Another objection to the order is that so long a time elapsed *132between the filing of the motion and its decision that the court was without jurisdiction to grant the motion. The reason for postponing the consideration and decision of the motion for about four years is not disclosed by the record. It may have been purposely, passed over from term to term because counsel were not prepared to present it or disposed to call it up. Nothing in the record disclosed that the court refused an application to have it considered and determined at an earlier time. Jurisdiction of the case was not lost by the fact that the motion was not heard and decided at the term the verdict was returned. When a motion is made within the time fixed by the code it may be passed over to a subsequent term of the court without the loss of jurisdiction. (Brenner v. Bigelow, 8 Kan. 496.) In the case of Life Ins. Co. v. Twining, 19 Kan. 349, where a motion for a new trial was filed on the last day of the term and the court adjourned sine die without taking any action upon the motion, it was held that the motion did not become defunct by reason of the adjournment and the failure to consider and decide it, but that it was continued over to a subsequent term. In a similar situation it was held that there was inherent power in every court where there is no statutory limitation to continue proceedings before it from term to term, and that a case once legally commenced continued in existence until some affirmative action is taken disposing of the case. It was said:

“In other words, the idea is that where jurisdiction once attaches, and the action of a court is invoked, the jurisdiction remains until that action is had, or the application therefor withdrawn.” (Smith v. The Eureka Bank, 24 Kan. 528, 531. See, also, Denny v. Faulkner, 22 Kan. 89.)
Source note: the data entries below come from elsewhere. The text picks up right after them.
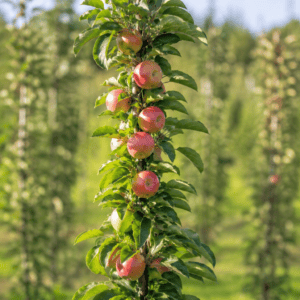 Pommier colonnaire Sonate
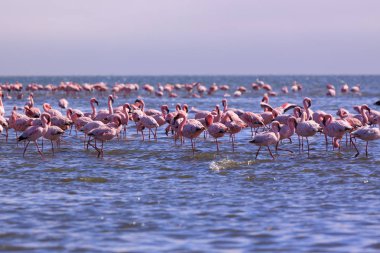 Bir Flamboyance Flamingoes içinde Swakopmund, Namibya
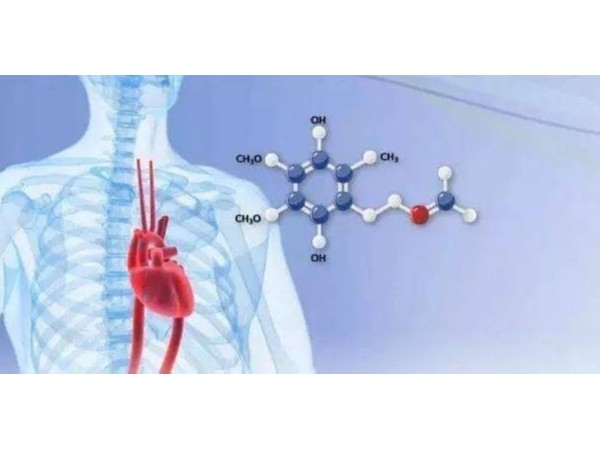 輔酶Q10：缺乏會對人體健康產生哪些影響？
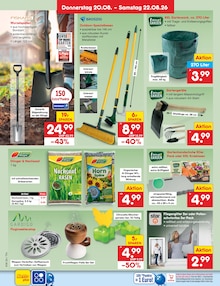 Pflanzen im aktuellen Netto Marken-Discount Prospekt (Dresden) Pflanzen im Netto Marken-Discount Prospekt "Aktuelle Angebote" mit 70 Seiten (Dresden)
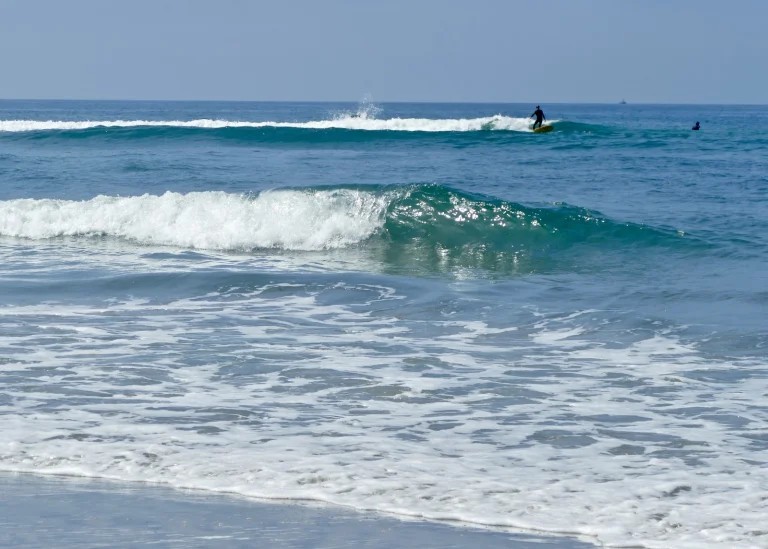 Cardiff State Beach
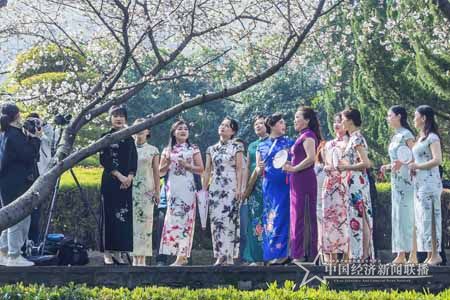 櫻花5.jpg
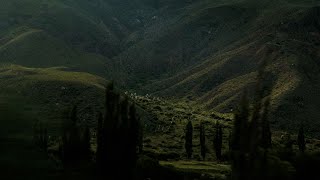 Cazzu - Que Disparen (Visualizer)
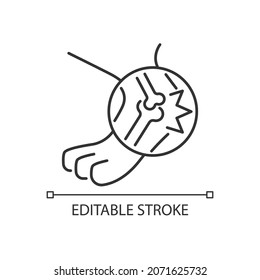 Arthritis linear icon. Pet joints inflammation. Animal disease. Lameness and stiffness symptoms. Thin line customizable illustration. Contour symbol. Vector isolated outline drawing. Editable stroke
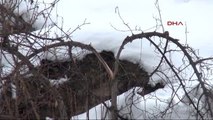 Giresun - Kar Yağışı Fındık Bahçelerine Zarar Verdi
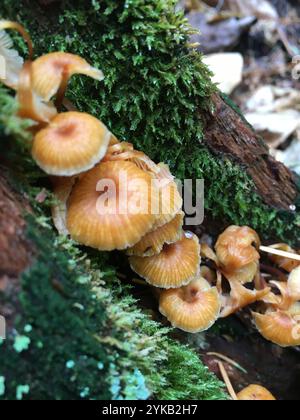 Queue d'épin (Xeromphalina campanella) Banque D'Images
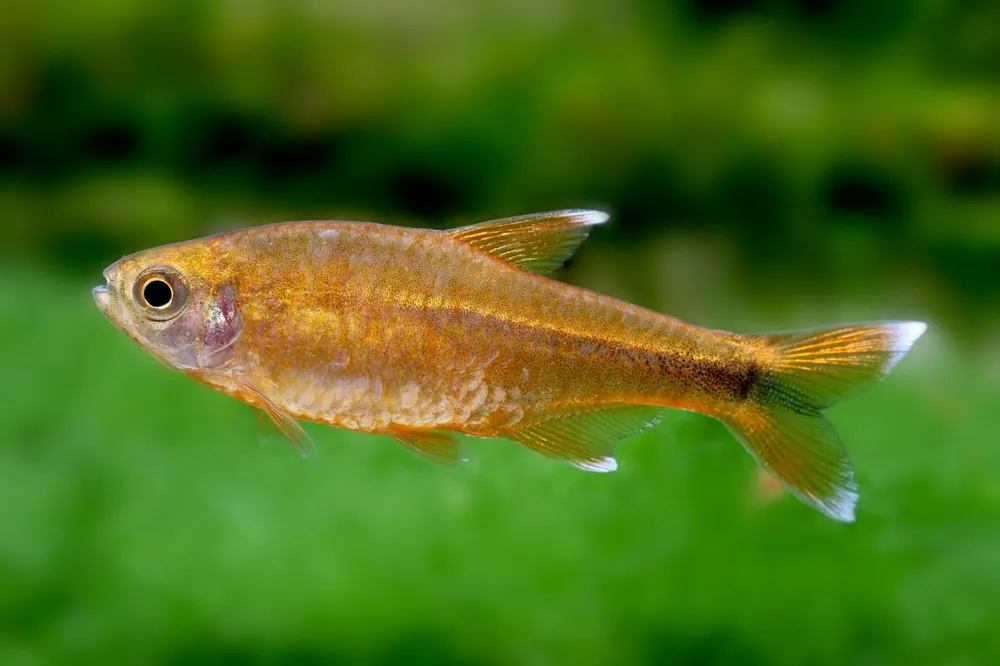 Angebot Copper tetra - Hasemania nana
It appears that at the end of each.term- an entry was made continuing this and other pending motions to the succeeding term. However, as we have seen, a formal order of continuance was not necessary to the continued jurisdiction of the court over the motion. After the court acquires jurisdiction of an action or proceeding and there is no statutory limitation, it is not divested until 'some disposition is made of the proceeding by the court.

The judgment is affirmed.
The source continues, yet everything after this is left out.